Hanson: From Oklahoma to South Africa

Friday, October 12, 2007


With a new album released this summer and a nationwide tour now under way, Hanson -- the band of brothers you may remember from a small single called "MMMBop" about 10 years ago -- is setting out to give their fans a dose of social activism along with their usual catchy pop.

In the midst of recording "The Walk," which was released earlier this year, the band took a brief trip to South Africa to visit a local choir. The journey's results were both musical --the choir's vocals ended up on the record's first single, "Great Divide" -- and charitable: proceeds from the single will go to AIDS research efforts at the Chris Hani Baragwanath Hospital in Soweto.

The band's reasons for adopting the cause are simple, said Isaac Hanson, the oldest of the three brothers.

"Our generation has been very, very privileged with wealth that has been very accessible to us, especially in relation to the entire world," Isaac said. "We can do things that are very, very simple to us that can have a huge impact on others."

The brothers gained an interest in AIDS research in Africa when meeting with a company called Docvia in their hometown of Tulsa. The company had just donated technology to let patients and doctors communicate through text messages to the Soweto hospital.

"There needs to be leadership in the heartland of America," Isaac said. "We need to make this (issue) a part of our social awareness."

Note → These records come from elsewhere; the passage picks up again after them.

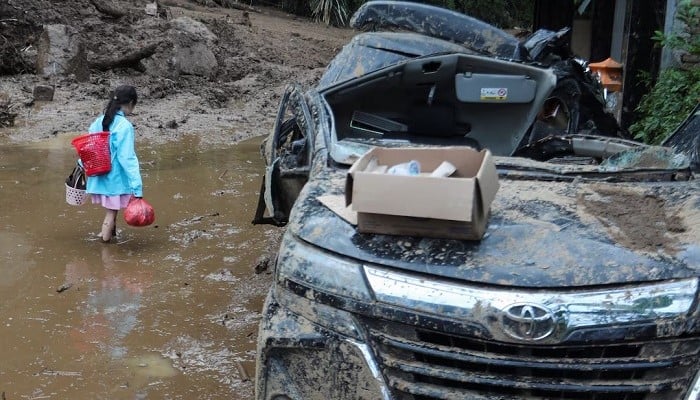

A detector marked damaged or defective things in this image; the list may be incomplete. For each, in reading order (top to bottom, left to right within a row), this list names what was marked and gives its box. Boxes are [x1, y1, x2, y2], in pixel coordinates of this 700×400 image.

damaged toyota suv [252, 1, 700, 398]
overturned vehicle [252, 1, 700, 398]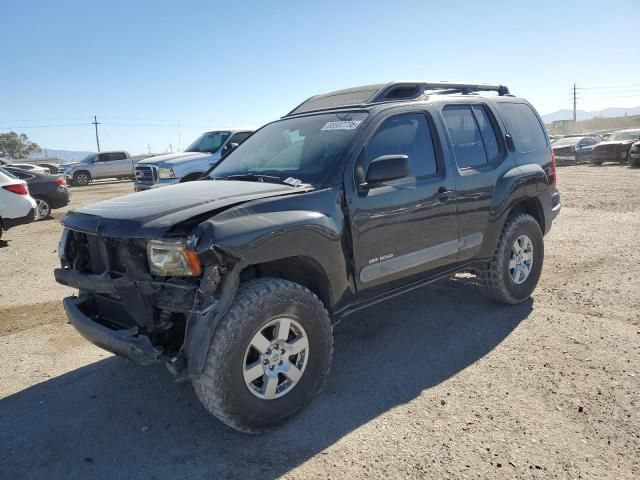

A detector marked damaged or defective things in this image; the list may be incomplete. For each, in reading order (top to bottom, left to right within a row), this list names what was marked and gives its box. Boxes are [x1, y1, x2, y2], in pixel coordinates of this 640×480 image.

crumpled hood [63, 179, 304, 239]
broken headlight [146, 240, 201, 278]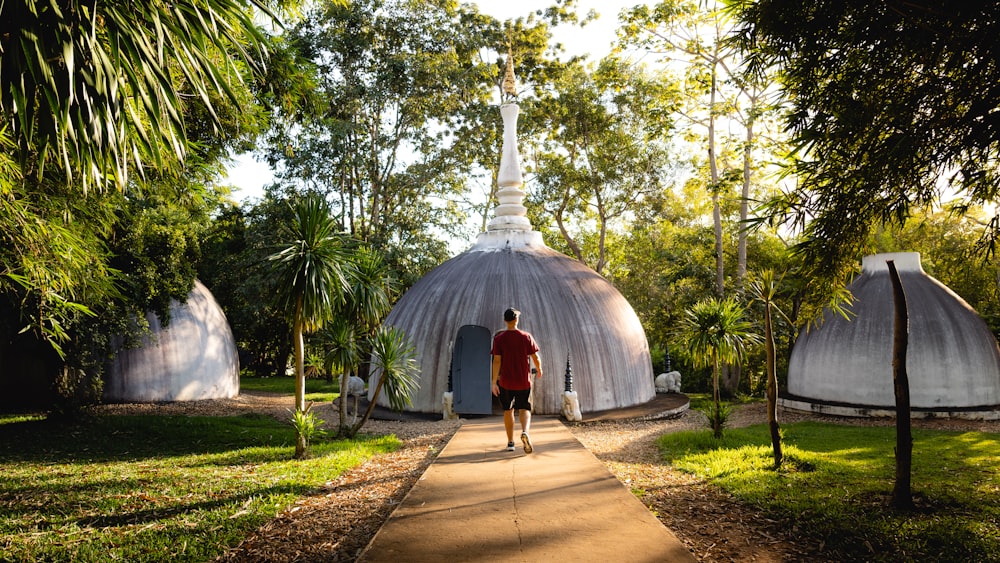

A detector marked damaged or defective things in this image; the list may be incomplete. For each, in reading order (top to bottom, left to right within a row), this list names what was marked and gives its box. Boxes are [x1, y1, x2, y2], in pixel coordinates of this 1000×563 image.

cracked concrete surface [360, 416, 696, 560]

But the message wouldn't matter without the music, and the band is excited about "The Walk." Isaac said the album melds the R&B influences of "Middle of Nowhere" with the gospel feel of "This Time Around" and the introspective qualities of "Underneath."

"We wanted to try to combine all three of those into one album in such a way that you could put a bookend on this chapter of the band, and say, 'This is what Hanson sounds like,' " Isaac said.

Isaac, 26, has been recording with his brothers Taylor, 24, and Zachary, 21, for more than a decade. Each is an equal contributor, but being a band hasn't always been easy, Isaac said.

"We definitely clash with each other consistently," Isaac said. "We have fairly heated arguments, but the music itself is that consistency, that thing we believe in. We don't always agree on how to get there, but we agree on the goal: a good song," he said.